As for the Mike's On The Rocks Hurricane, well - I have had
many, many, many mixed type and malt beverage type drinks that were a lot
better and more than enough that also were a lot worse. On the side of the can,
in the small print, it says this: "PREMIUM MALT BEVERAGE WITH NATURAL
FLAVORS AND CERTIFIED COLORS". I imagine that the natural flavors are
those of a fruity nature. No not gay but fruity as in like fruit punch. What the certified colors are, I have no clue. In
addition to those flavors and colors is the flavor of alcohol. It is not a strong flavor
but the alcohol content is listed as 8%. Quite a bit stronger than your average
American beer. (Do you know why most American beers and sex in a canoe are
alike? They are both fucking close to water!) I am guessing that must be how
they were able to include “premium” on the label because other than a higher
alcohol content I do not see any reason to pay a premium for this stuff.
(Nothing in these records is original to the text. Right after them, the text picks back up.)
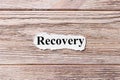 Recovery of the word on paper. concept. Words of Recovery on a wooden background Royalty Free Stock Photo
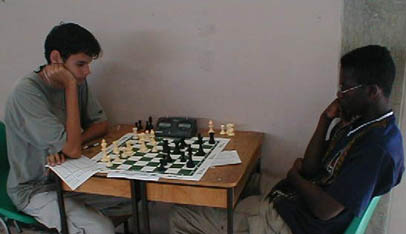 Allan Munro (TRI) vs. Justin Kirton (BAR) in a crucial  7th round match. Copyright © 2002, Barbados Chess Federation.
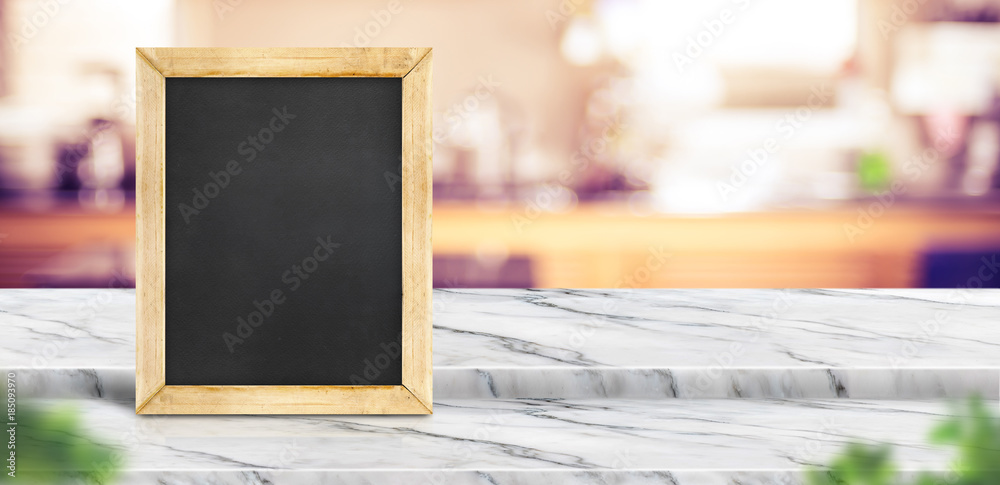 Poster blank blackboard on step white marble table top with blur restaurant kitchen background bokeh light 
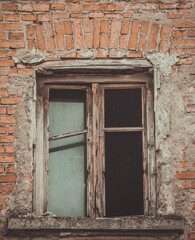 Fototapeta na wymiar old window in old brick wall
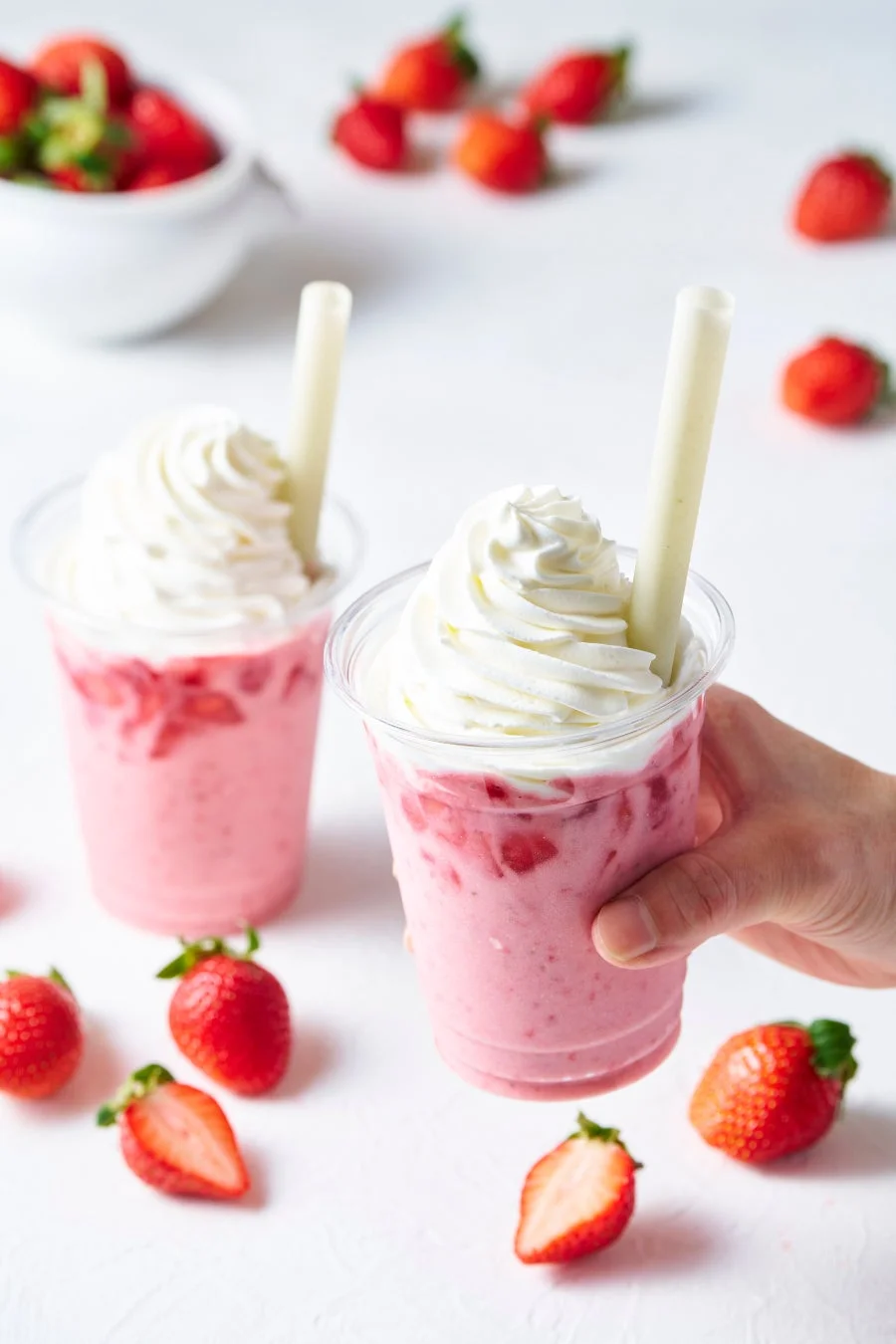 白い背景に、ホイップクリームと太いストローが添えられた2つのいちごミルクドリンクが写っています。周りには新鮮ないちごが散らばっており、手がいちごミルクのカップを一つ持っています。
In other words, the first one did not impress me as anything
other than something akin to Annie Green Springs or Yago Sangria and may in
actuality have been closer to MD 20/20 or Muscatel albeit with a cheap fruit
punch added to the mix. (Those of you true connoisseurs of the not so finer
wines know exactly what I mean.) I have to admit, though now that I have eaten
dinner, and had the first one, and am now almost done with the second one, I am
looking forward to the third and fourth ones in the pack. Not because it is a
premium beverage as far as my idea of premium goes but probably because the
alcohol content has made the flavor acceptable, maybe even almost delicious,
after almost two of them.
Before I get too sloshed, and I intend to do just that, let
me say that if I want a fruity flavored alcoholic drink, I usually go for
something I make myself from whole fresh fruit (like bananas, nectarines,
apples, blueberries, raspberries, pineapple and oranges - not essence of gay
guys) in the blender to which I add a couple to few types of rum, and/or vodka,
and/or whiskey. We only got a blender, in our home, within the last 2 or 3
years at most. I have no clue how I ever survived without one. The drinks one
can mix in it are extravagant as far as I am concerned - and that goes whether
or not you add alcohol. I may even have to try adding bacon one of these days
but have to give some serious thought as to the other ingredients. I was
thinking along the lines of sour mash or Bourbon or Irish whiskey but vodka may
do, especially potato vodka (one of my favorite vodkas). Of course, I could add
home fries and gin.
Yet, in the meanwhile, since I do not have a blender full of
some glorious concoction of God's mashed together fruity goodness, I have
settled for whatever in Hades it is that Mike or the company known as Mike's
has thrown together for me and I must admit, I am enjoying the heck out of it;
any reservations to the contrary, mentioned above, fading with each gulp.